In today's column, we ask ourselves why so many systems that claim to be object-oriented are not congruent with the essential principles, and whether a procedural thinking is suitable for modern software development.


“He’s more machine now than man; twisted and evil ", Ben Kenobi declares in Return of the Jedi and thus expresses in plain text the moral of the story. This view is a recurring theme in our literary works, societies and worldviews. So, too, in programming. A thorough account of the matter is provided by David West in Object Thinking, which inspired this blog post.


The thesis of the book is that the patterns of thought that make up the foundation of object-oriented programming (object thinking) are widely different from those found in procedural programming (computer thinking). Now, it’s important to realize that one's own programming does not become object-oriented simply by coding in a language that markets itself in that way. Our conventional languages ​​have, for political and corporate reasons, chosen not to enforce object thinking. Therefore, it is quite possible to, e.g., write COBOL in Java syntax.


Why bother? It works!

It has been many decades since our profession came to the realization that "it works" is a very low bar. Too low, even in its perfected form: "We cannot find any bugs", for systems of today. The software solutions tackle problems in an ever-changing world and thus need to be able to keep up and adapt at low additional cost.

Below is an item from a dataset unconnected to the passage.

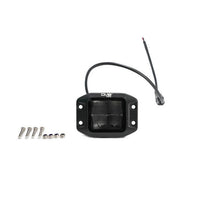 Load image into Gallery viewer, DV8 Offroad Elite Series 3in Cube LED Light 40W Spot 3W LED Light Bars &amp; Cubes DV8 Offroad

This problem, maintainability, was the raison d'etre for object-oriented ideas. Software written traditionally, more focused on the solution domain (the machine) than the problem domain (the human), was simply too expensive or risky to update and hence quietly went the way of the dodo. All the societal benefits lost to the deteriorating product-market fit or the missed opportunities for innovation is, however, perhaps the real tragedy.


Okay, so what's the main content?

In short, the transition from computer thinking to object thinking is about ceasing to think in the computer’s terms, in favour of starting from the world around us. An object, for example, is not a data structure with a couple of more or less relevant methods taped to it. It is definitely not an anemic data holder that is manipulated by helpers and handlers through getters and setters. Our objects are representations of real (potentially non-living) entities that we gift life and autonomy in a virtual environment, in which they can communicate, collaborate and display behaviors towards other independent objects.


When one's system begins to adopt this type of thought pattern, many programmers are amazed at how much closer we get to the ideals we all know: Encapsulation, high cohesion, low coupling, SOLID and dozens of others.


Further readings

This blog post was inspired by Object Thinking, which discusses programming through an anthropological lens. The book describes our context—philosophical, historical and cultural—with a special focus on the difference between trying to create better software through better tools and processes in contrast to improving individuals.


The book has inspired a movement that has the vision to develop software free from procedural thought patterns. They call this paradigm Elegant Objects and have, in addition to formulating concrete principles, developed a considerable number of frameworks and libraries as well as a new programming language.


Lastly, Peopleware should be mentioned. The discourse in this blog post is, perhaps unsurprisingly, in its essence more sociological than technological. The book confirms that such is the truth for the majority of problems in our field, which means that effective strategies differ from what we might be accustomed to.